- 30.09.2015 00:00
Hiçbir yargı kararı olmadan, keyfi şekilde ‘Paralel’ diye suçladığı Bugün TV, Mehtap TV ve Samanyolu’nu sözde özel Tivibu’dan iktidarın talimatı doğrultusunda çıkarmak onlarda...
Kürtçe yayın yapan Dicle Haber Ajansı ile Azadiye Welat gazetesinin merkezini sudan bir sebeple basıp 32 çalışanını gözaltına aldırmak onlarda…
İktidarı kızdırmayayım diye ekran ve sayfalarını Kürtlere kapatan, beyefendiyi rahatsız edecek haber yapmamaya özen gösteren Aydın Doğan’a, PKK’lı, Paralelci, Almancı, Amerikancı diye daldırmak da onlarda…
Dönüp bakarsanız, kepaze yayın yapan Havuz Medyası ile sosyal medyada beyefendiyi eleştirenleri küfür bombardımanına tutan Aktroller dışında kimseyi beğenmiyorlar.
Hep övgü bekliyor, bir tek eleştiriyi kaldıramıyorlar. Yolsuzluklarını yazanlardan nefret ediyorlar.
İktidarı kaybetme korkusunun iyice paronayaklaştırdığı iktidar kadroları, başta Kürt medyası olmak üzere tüm muhalifleri susturmak için seferber oldu.
SİNDİRMEK SUSTURMAK...
Amaç, 1 Kasım’da hileyle hurdayla da olsa tek başına iktidar olacak sayıyı yakalamak ve Meclis’te hesap verme sıkıntısından kurtulmak. Her gün çıkıp “PKK’yı ezdik” diye naralar atan, ardından verilen şehitleri görmezden gelenler en çok Kürt coğrafyasında ölen sivillerin haberlerini yapan DİHA’dan rahatsızdı. Terörist diye yaftaladığı insanların aslında bebek veya yaşlı kadınlar olduğunun ortaya çıkmasını istemiyordu.
Dünya değiştiği için artık gazeteler, matbaaları ve binalarıyla havaya uçurulamıyor. Onun yerine çalışanları gözaltına alınıp tutuklanıyor. Mehmet Baransu, Hidayet Karaca, Gültekin Avcı derken şimdi 32 gazete ve ajans çalışanı birden gözaltında.
Haklarında Cumhurbaşkanı’na hakaretten dava açılan benim gibi isimlerle, soruşturmaları süren onlarca gazeteci de cabası.
Sindirmek, korkutmak, susturmak ve de keyiflerince hüküm sürmek istiyorlar ama nafile çaba.
GERÇEKLERDEN KORKANLAR...
Teknolojinin ulaştığı bu aşamada özgür sesleri kısmak mümkün değil.
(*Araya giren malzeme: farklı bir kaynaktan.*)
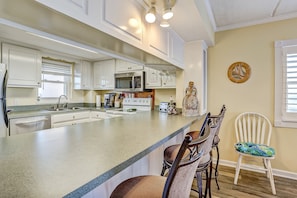 Condo, 2 Bedrooms | Private kitchen | Fridge, oven, coffee/tea maker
Gerçek, tıpkı dağdan gelen kar suları gibi yatağını bulup sonunda hedefine ulaşıyor. Nehrin denize kavuşması gibi, geniş yığınlarla bir şekilde buluşuyor.
Gerçeklerden, ayıbı ve açığı olan korkar…
AKP özellikle son beş yılda yaptığı haksızlık, hukuksuzluk ve yolsuzlukların hesabını vermekten korkuyor. Gazeteler doğruları yazar, televizyonlar doğruları söylerse gidişleri hızlanır diye düşünüyor.
Ama öyle değil…
Bakın, kimse artık şehit düşen evladının arkasından “Vatan sağolsun” diyerek sessizce sineye çekmiyor. Rütbeli subayların yakınları bile isyan edip bu savaşın nedenini sorguluyor.
Çünkü artık can verenler kentli çocuklar. Geleceğe dair umutları, geride bıraktığı şeyler olan insanlar. Gariban köylüler gibi sessizce gitmiyorlar. Üstelik gazeteler böyle istediği için olmuyor bu, halk doğruyu gördüğü için oluyor. Sonları geldi.